***** RECORDS PROVIDED

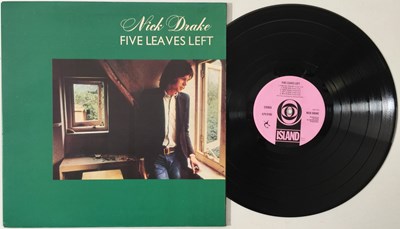 Lot 216 - NICK DRAKE - FIVE LEAVES LEFT LP (ORIGINAL UK PRESSING - ISLAND ILPS 9105).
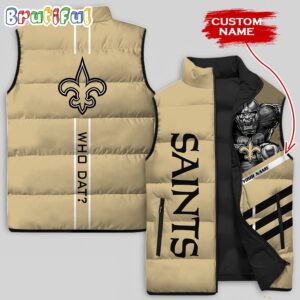 New Orleans Saints NFL Style Sleeveless Puffer Jacket For Fans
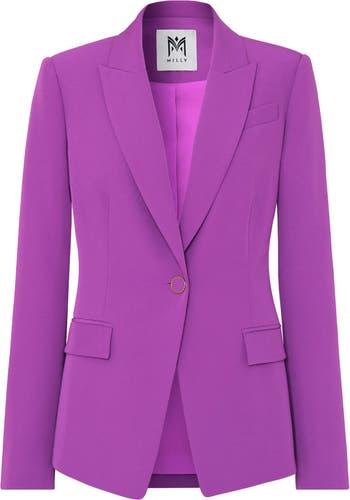 Avery Boucle Blazer in Pink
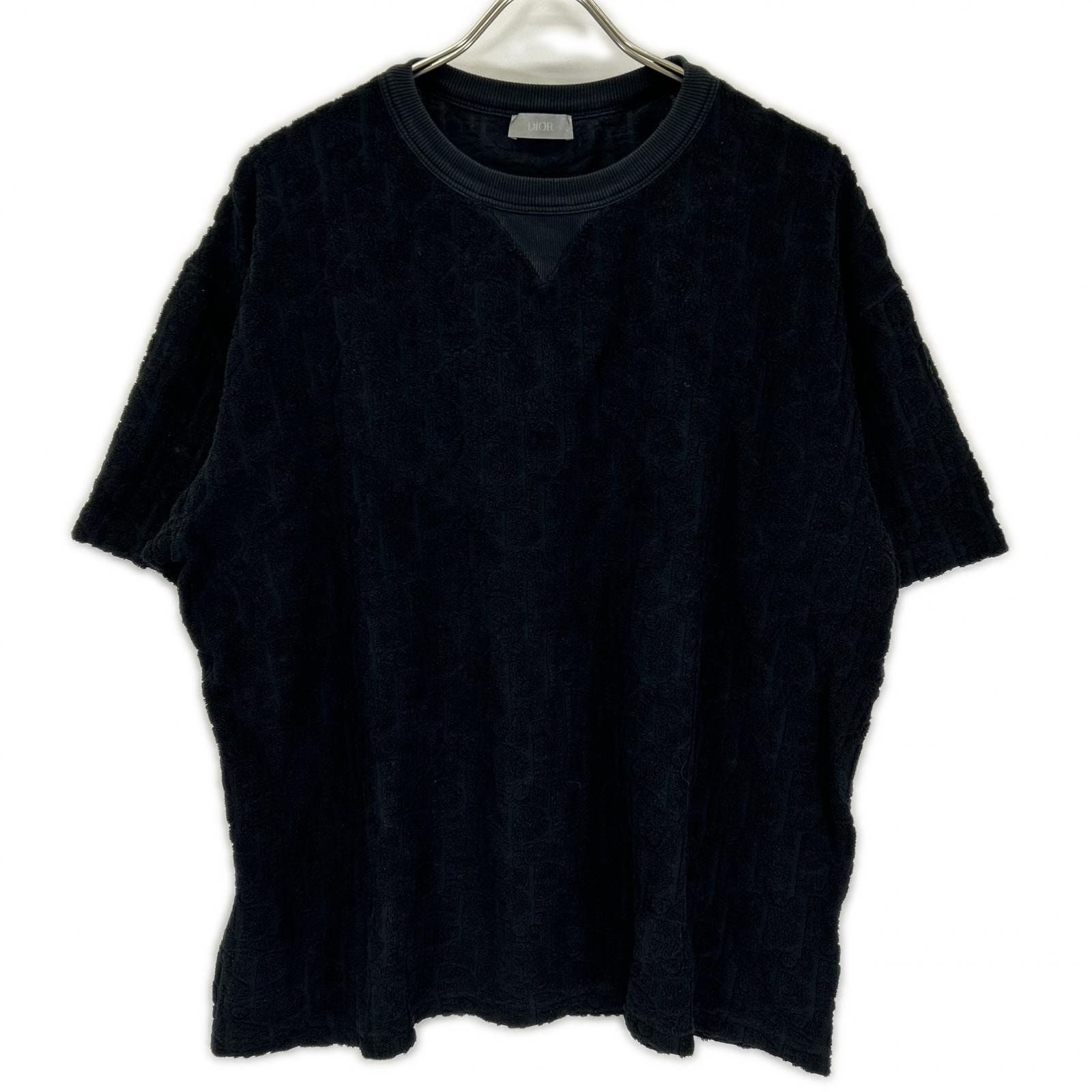 ディオール 21SS 113J692A0614 ブラック オブリーク パイル Tシャツ XXL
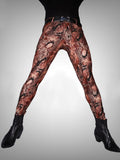 menaful Skinny Motorcycle Men's PU Leather Pants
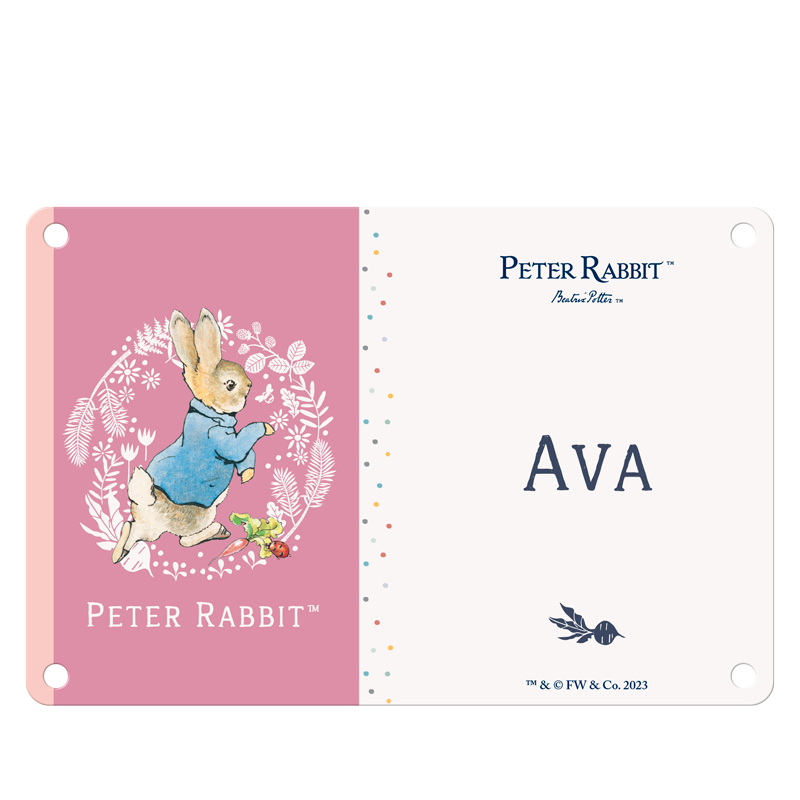 Beatrix Potter - Peter Rabbit - Ava (Named Sign)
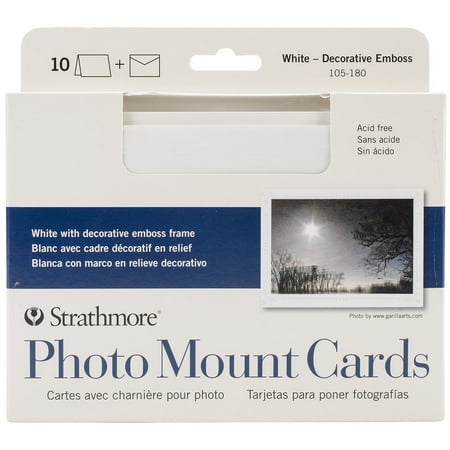 Strathmore Cards & Envelopes 5"X6.875" 10/Pkg-White W ...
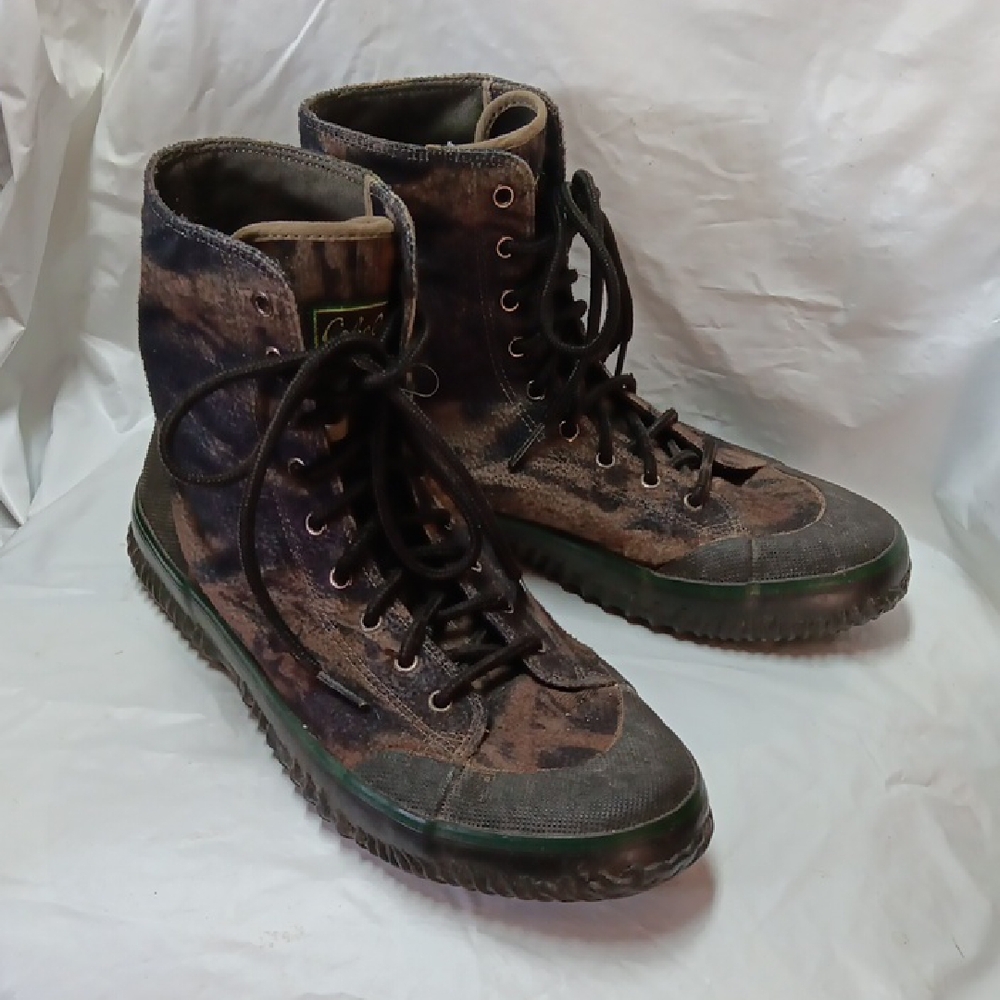 Cabela's Camouflage Men's Shank Canvas Boots Size 10 Preowned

**********

Only the lines from the one containing "New Orleans Saints" through the last line of the data belong in the copy, both included and reproduced exactly. Pictures do not.

 New Orleans Saints NFL Style Sleeveless Puffer Jacket For Fans
 Avery Boucle Blazer in Pink
 ディオール 21SS 113J692A0614 ブラック オブリーク パイル Tシャツ XXL
 menaful Skinny Motorcycle Men's PU Leather Pants
 Beatrix Potter - Peter Rabbit - Ava (Named Sign)
 Strathmore Cards & Envelopes 5"X6.875" 10/Pkg-White W ...
 Cabela's Camouflage Men's Shank Canvas Boots Size 10 Preowned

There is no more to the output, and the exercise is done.